• What the task asks
From the line containing "iWish @ Siam Walking Street - Siam【720p】" to the line containing "2409 45th St Unit 8 #8 - Photo 3 of 8" in the records below, set down every line exactly as it stands, both ends included, and skip the pictures.

----- Available records

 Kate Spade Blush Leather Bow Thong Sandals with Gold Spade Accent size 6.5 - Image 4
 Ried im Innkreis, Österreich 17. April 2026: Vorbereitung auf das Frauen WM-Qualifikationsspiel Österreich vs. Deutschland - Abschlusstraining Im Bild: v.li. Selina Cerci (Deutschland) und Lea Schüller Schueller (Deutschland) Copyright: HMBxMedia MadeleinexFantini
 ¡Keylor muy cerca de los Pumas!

----------
----- Available records

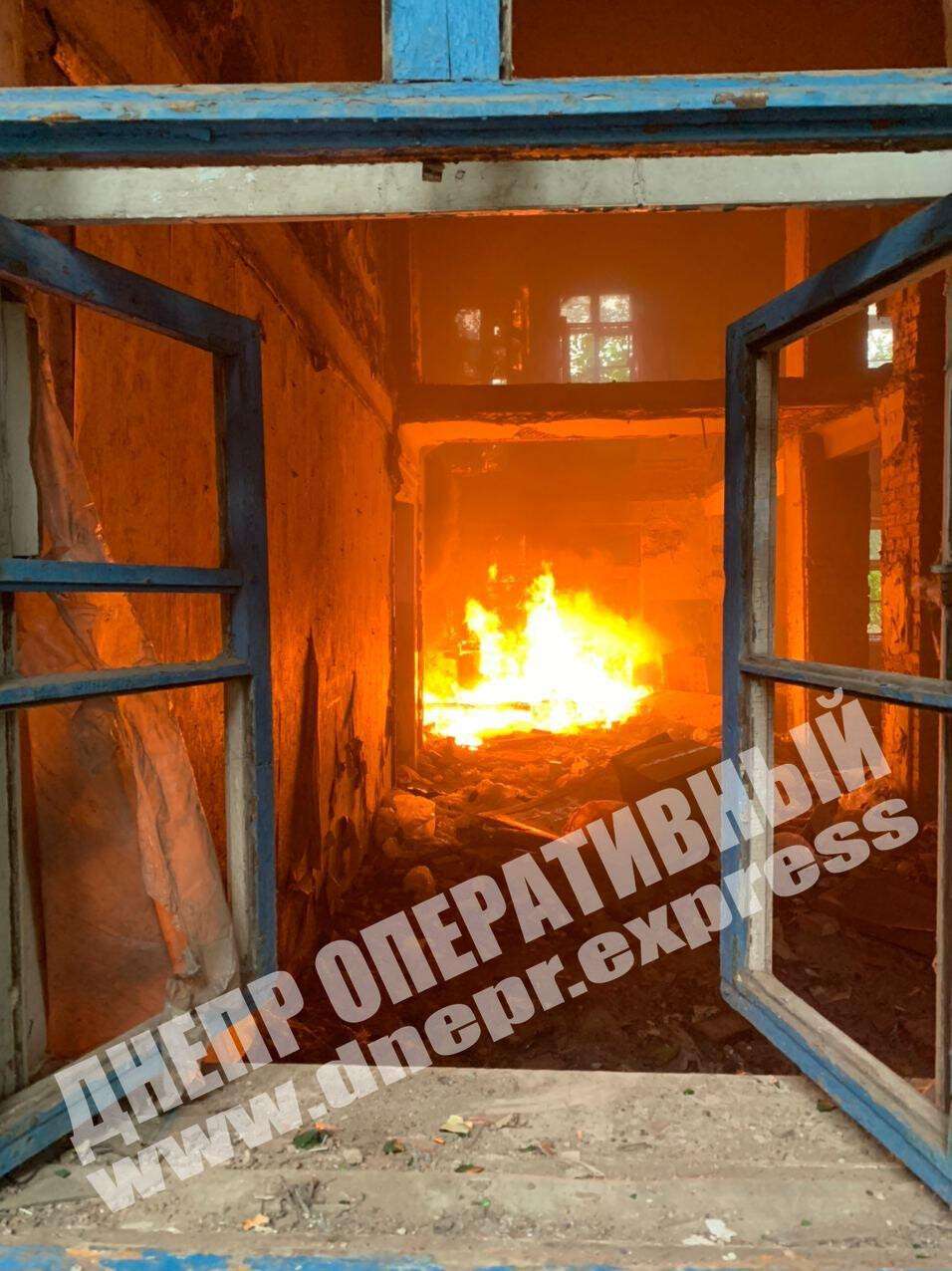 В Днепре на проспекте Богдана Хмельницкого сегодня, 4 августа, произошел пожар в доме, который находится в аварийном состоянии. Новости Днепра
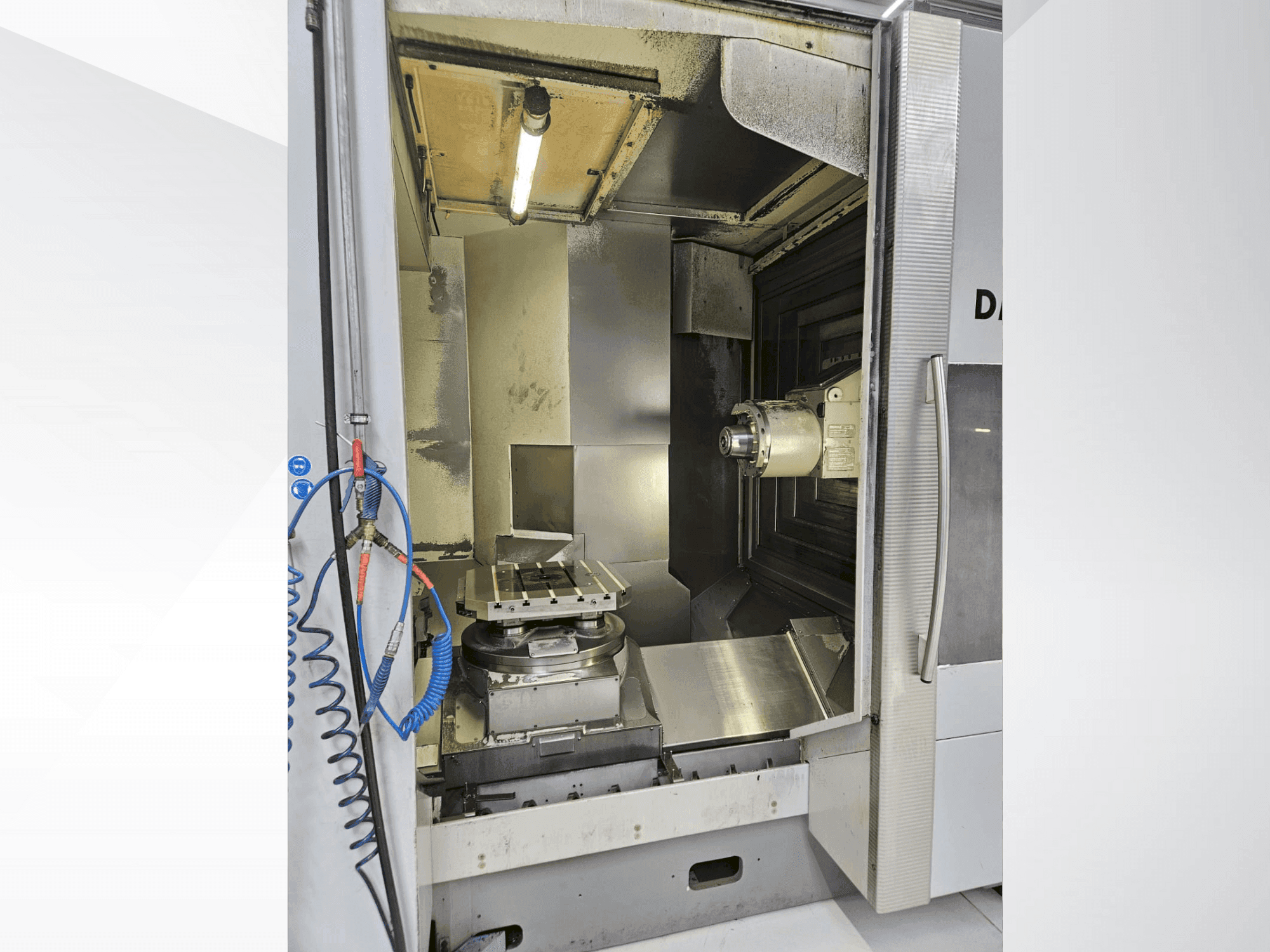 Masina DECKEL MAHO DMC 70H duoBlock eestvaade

----------
----- Available records

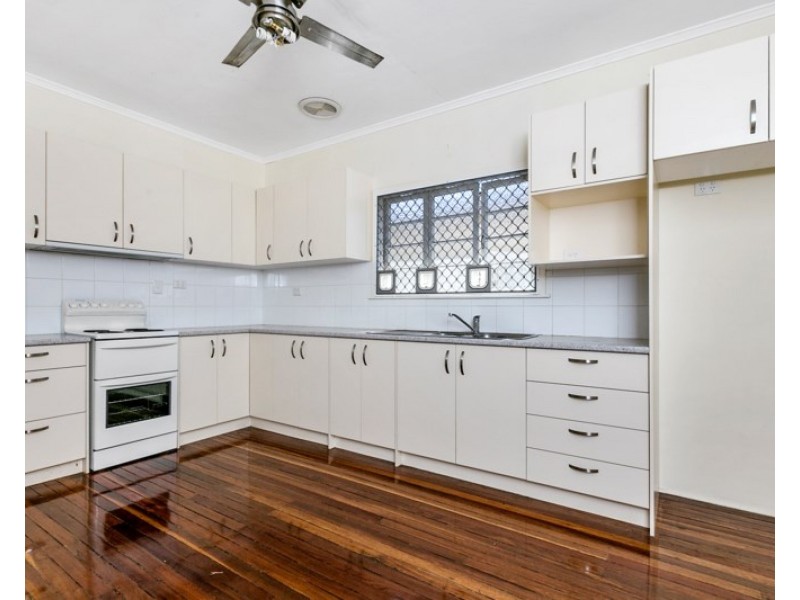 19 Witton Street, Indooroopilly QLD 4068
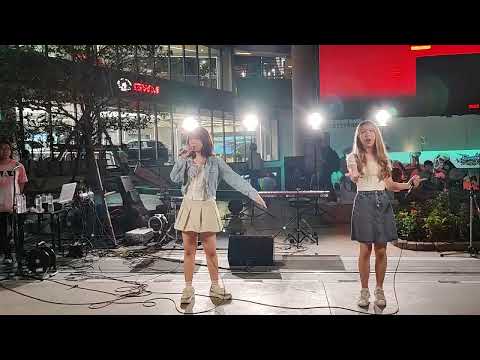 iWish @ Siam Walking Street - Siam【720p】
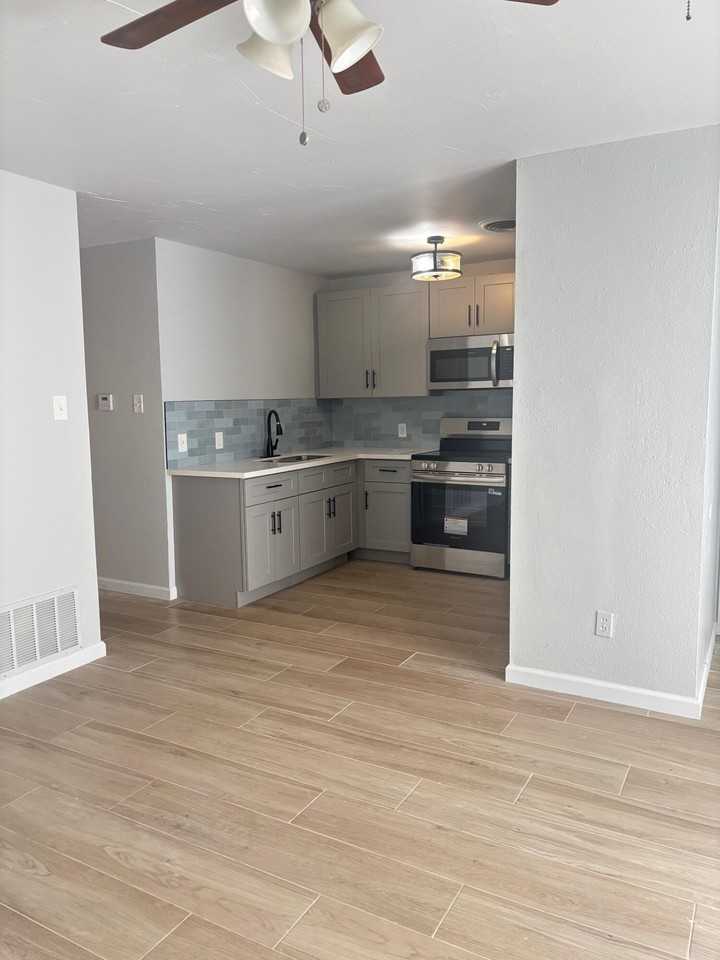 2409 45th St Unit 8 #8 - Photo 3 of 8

----------

• Answer section
 iWish @ Siam Walking Street - Siam【720p】
 2409 45th St Unit 8 #8 - Photo 3 of 8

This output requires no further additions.